Tekoşîn Ozan: Türkiye’yi demokratik temelde yeniden inşa etmeye hazırız

Barış ve Demokratik Toplum Grubu içerisinde yer alan Tekoşîn Ozan, “Değişim ve dönüşümü birlikte yapmaya, Türkiye’yi demokratik temelde yeniden inşa etmeye, kadınların öncülüğünde demokratik bir değişim süreci yaşamaya hazırız” dedi.

Haber Merkezi- KCK Yürütme Konseyi Eşbaşkanı Besê Hozat’ın da aralarında yer aldığı 30 kişilik gerilla grubu, Kürt Halk Önderi Abdullah Öcalan’ın 19 Haziran'da yaptığı tarihi görüntülü çağrı kapsamında 11 Temmuz’da Federe Kürdistan’ın Süleymaniye kentinin Dukan ilçesine bağlı Surdaş köyündeki Şikefta Casenê’de bir tören düzenleyerek silahlarını yaktı.
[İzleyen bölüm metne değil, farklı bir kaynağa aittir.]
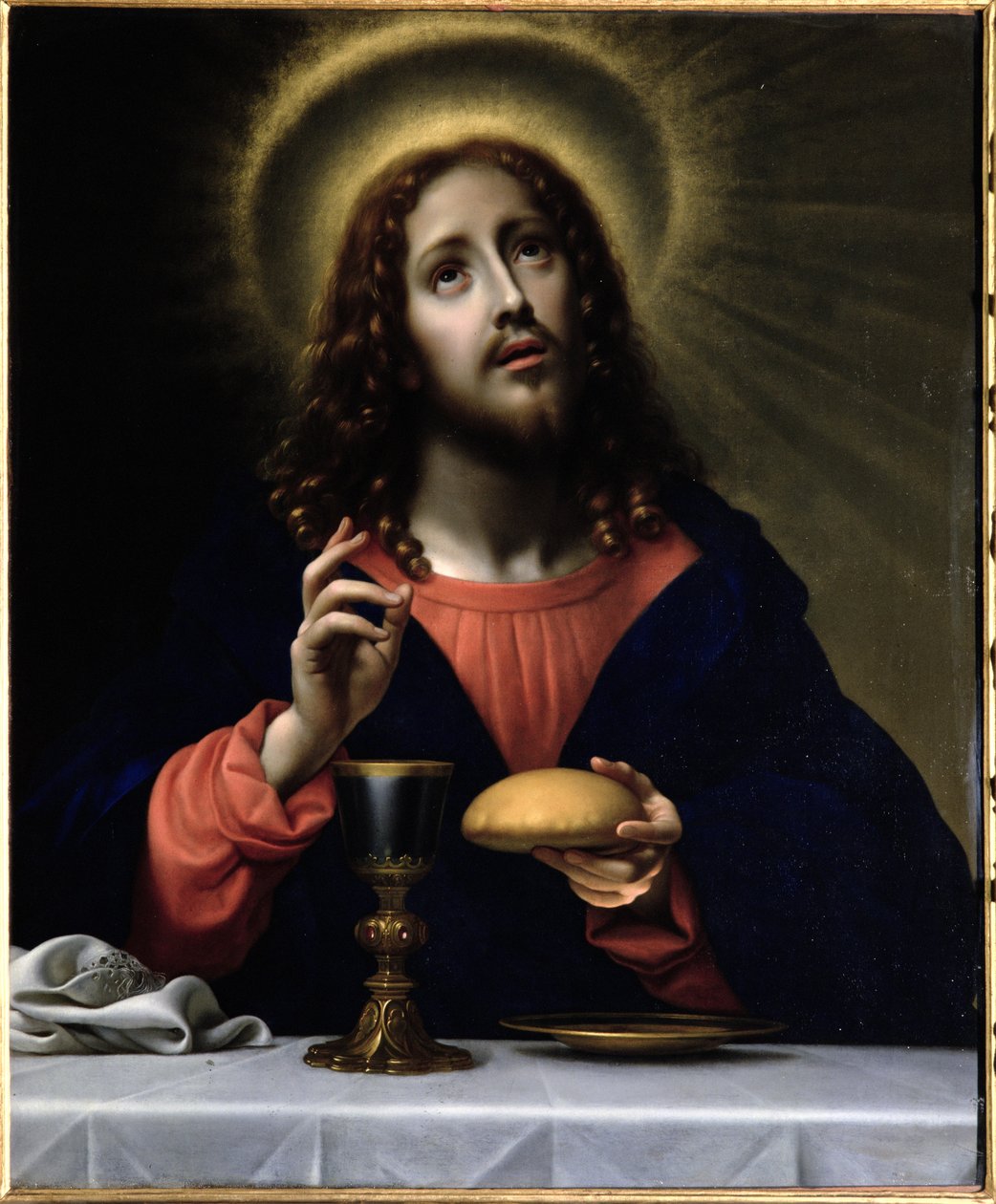 Krisztus megáldja a Szentségeket alkotó: Carlo Dolci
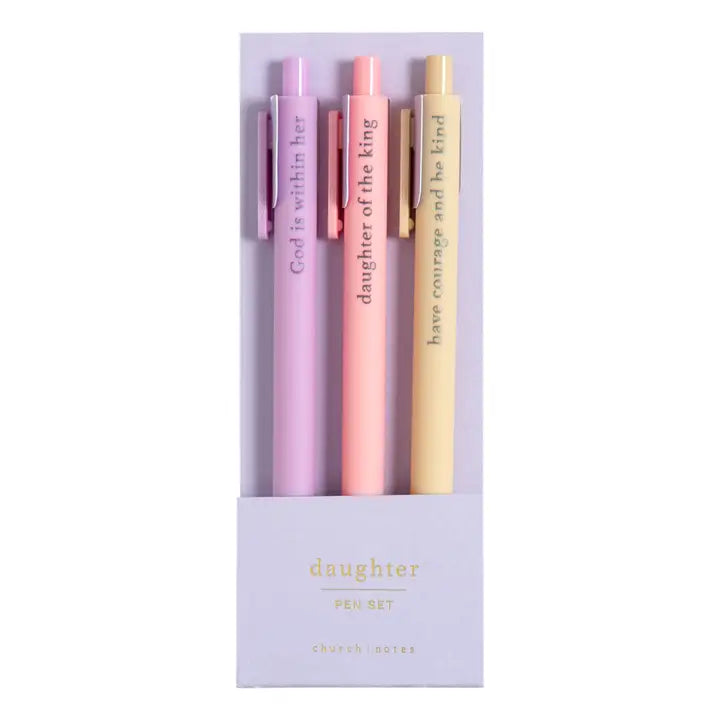 Bible Study Pen Set | Daughter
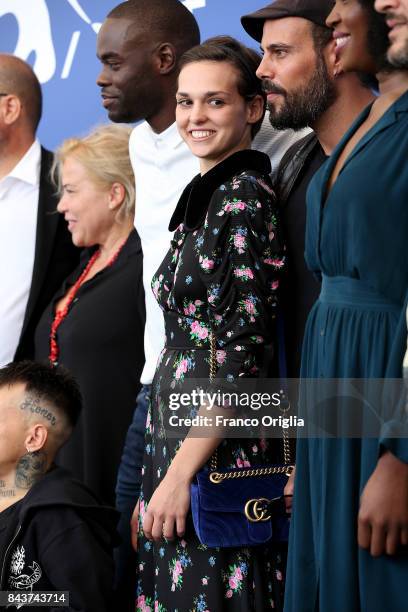 Sara Serraiocco attends the 'Brutti E Cattivi' photocall during the 74th Venice Film Festival at Sala Casino on September 7, 2017 in Venice, Italy.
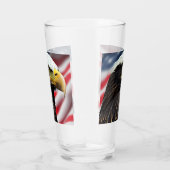 Patriottisch/Adelaar/Amerikaans/USA Glas (Rechts)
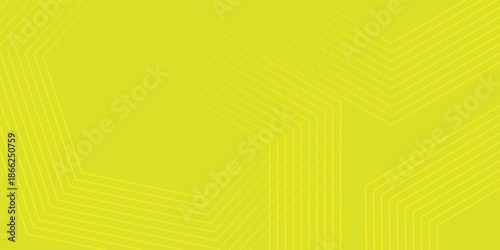 Abstract Neon Yellow Interlocking Hexagon Grid Background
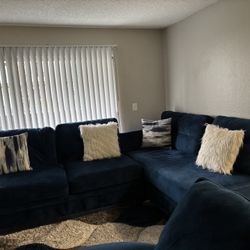 Blue Detachable Couch Set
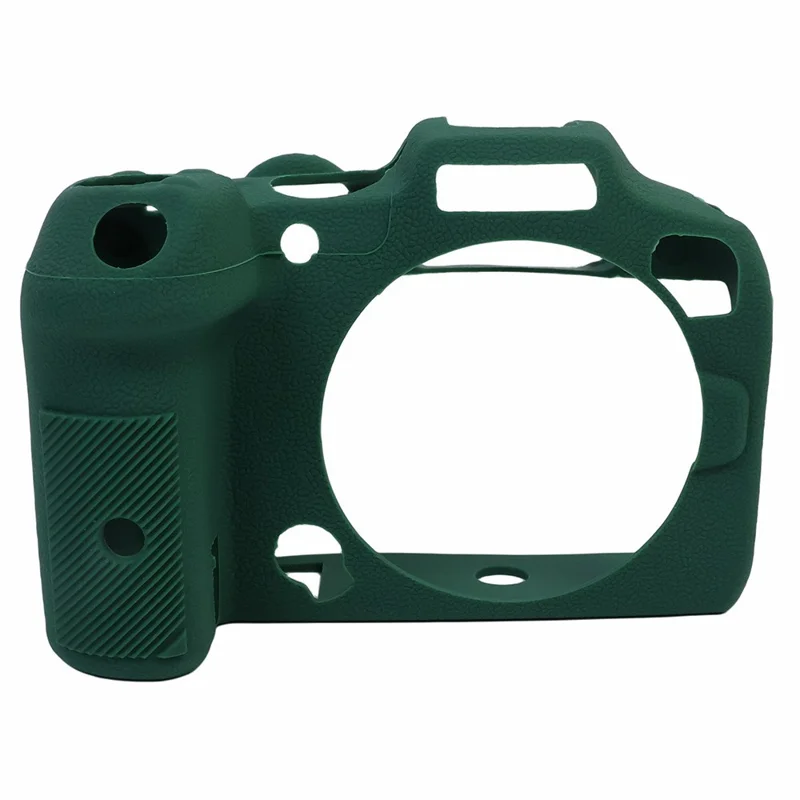 Para Canon EOS R7 Capa de Silicone Protetor de Câmera Anti-Arranhões Capa de Proteção Contra Queda - Verde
Bir iyi niyet ve demokratik çözüm yönünde irade beyanı amacıyla töreni düzenleyen Barış ve Demokratik Toplum Grubu içerisinde yer alan Tekoşîn Ozan (Esmen Ayaz) ANF’ye röportaj verdi.

Tekoşîn Ozan, törenle ilgili duygu ve düşüncelerini paylaşırken şöyle konuştu: “Duygularımız mücadelemizden bağımsız değil, mücadelemizin gelişimiyle bağlantılı olarak gelişiyor. İçinde bulunduğumuz durum ve tabii atılan adımlar, yeni bir mücadele aşamasına geçme, mücadele yöntemlerini geliştirme, zenginleştirme durumudur. Dolayısıyla yeni bir aşama olduğu için bir şeyleri bitirme tarzında değildir, mücadelenin bitmesi anlamında değildir. Bu nedenle duygularımız aslında değişen bir şeyler olduğunda her zaman içinde biraz hüzün barındırır ama yeni bir mücadele yöntemine başladığımız için kararlılık, heyecan vardır. Önderliğimizin çağrısına cevap vermekten kaynaklı coşku vardır. Bunu ne kadar yapabilirsek, derinleştirebilirsek o oranda bunun mutluluğu gelişir. Sürece kazandırmayacak duygular ya da aşırı nostaljiler, fazla hüzün, içinde bulunduğumuz durumu ifade etmiyor. Biz zaten bir iyi niyet adımı attık. Silahlarımızı imha ederken mücadelemizi durdurmuyoruz. İyi niyet adımı attık. Atılan iyi niyet adımı Türkiye’de demokratik entegrasyon yasalarının, demokratikleşme zemininin gelişebilmesi için zemin oluşturma, atmosferi olumluya çekme temelindeki bir adımdır. Son derece pozitif bir adımdır. Bu anlamda yeni süreci; demokratik ve özgürlükçü kılma konusundaki kararlılığı ifade eden bir adımdır. Önderliğe bağlılığın ifadesi olan bir adımdır. Önderliğin özgürlüğü çevresinde halkların, kadınların, bölgedeki tüm toplulukların özgürlüğünü hedefleyen, hatta dünya halklarının özgürlüğünü hedefleyen bir adımdır. Bu anlamda heyecanı ve kararlılığı ön plandadır.”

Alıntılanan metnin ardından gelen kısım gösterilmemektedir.